There also appears to be evidence of publication bias among the studies included in the Karg et al. (39
) article. As we have shown to be the case in the broader cG×E literature, larger studies included in the Karg et al. meta-analysis were less likely to yield significant results. A logistic model regressing replication status (significant replication compared with not) on sample size among studies included in their meta-analysis found that the odds of a significant replication of Caspi's original finding decreased by 10% for every additional 100 participants (β=–0.001, p=0.02).
Karg et al. (39
) touch on the possibility for publication bias to affect their results by calculating the fail-safe ratio. They note that 14 studies would have to have gone unpublished for every published study in order for their meta-analytic results to be nonsignificant. While this ratio is intended to seem unreachably high, a couple of points should be kept in mind. First, the fail-safe ratio speaks not to unpublished studies but rather to unpublished analyses
. As discussed above, possibilities for alternative analyses (i.e., indirect cG×E replications) abound: alternative outcome, genotypic, and environmental variables can be investigated; covariates or additional moderators can be added to the model; additive, recessive, and dominant genetic models can be tested; phenotypic and environmental variables can be transformed; and the original finding can be tested in subsamples of the data.
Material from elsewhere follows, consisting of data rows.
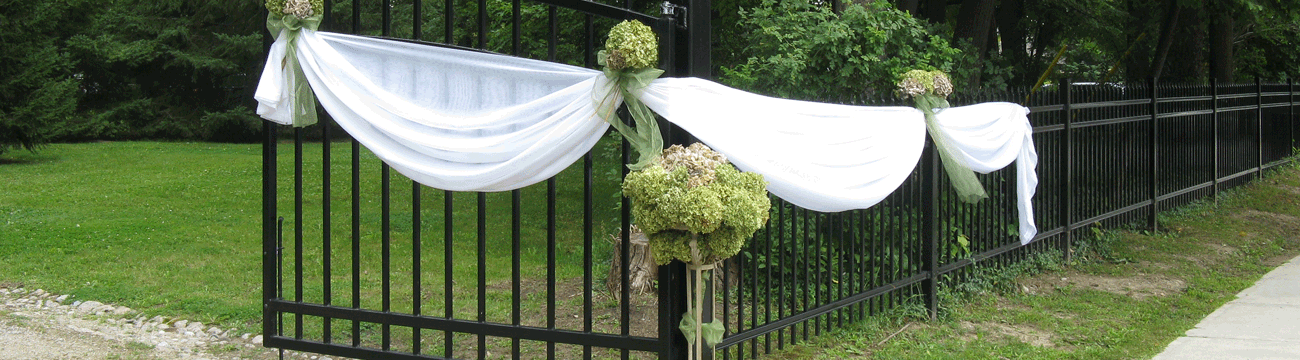 Gates decorated with white cloth and flower bouquets
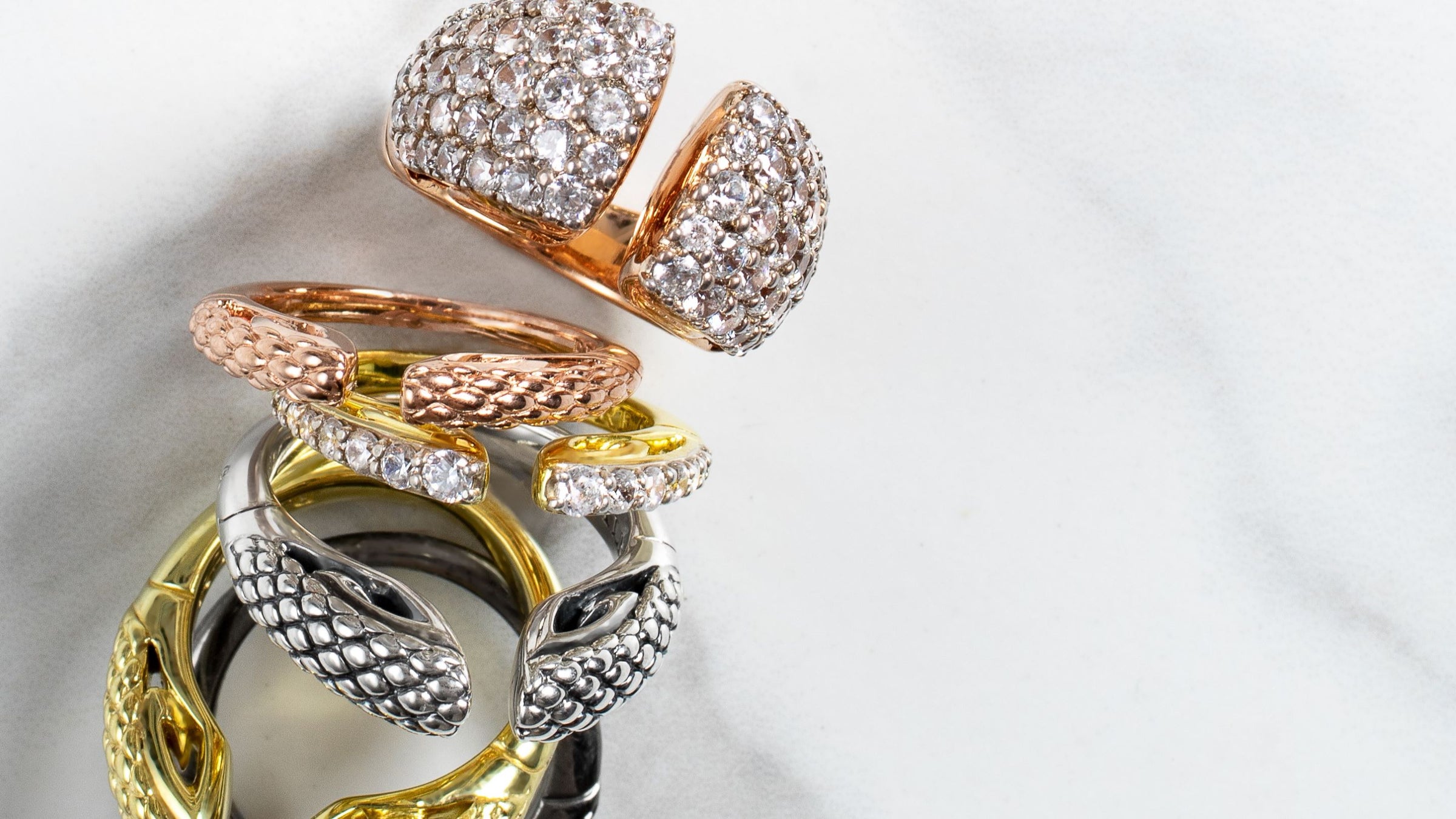 Array of luxurious stack rings in gold, silver, rose gold, black ruthenium and white cz
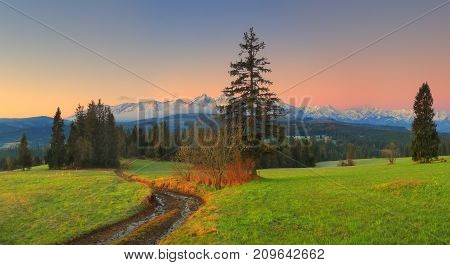Morning in green valley. Green valley on snowy mountains background in dawn. Famous touristik place in Poland Zakopane.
We observed each of these situations at least once among studies consistent with or replicating the original 5-HTTLPR-by-stressful life event interaction, and such indirect replications can have a high false positive rate. Second, and most importantly, Karg et al. used extremely liberal inclusion criteria, analyzing many indirect replications that we either classified as novel studies or excluded completely. Thus, the findings of Karg et al. and the findings we present here recapitulate one another; almost all novel studies (our review) and indirect replications (the Karg et al. meta-analysis) are positive, whereas most direct replications are not. This suggests that positive meta-analytic findings become more likely as study heterogeneity increases. Notably, this is exactly the opposite of what would be expected if the original results were true. Stricter replication attempts should be more likely, not less likely, to be significant. Rather than interpreting the fail-safe ratio as evidence that most cG×E findings are true, this ratio might be better interpreted as providing a rough estimate of how large the “file drawer problem” is in the cG×E field.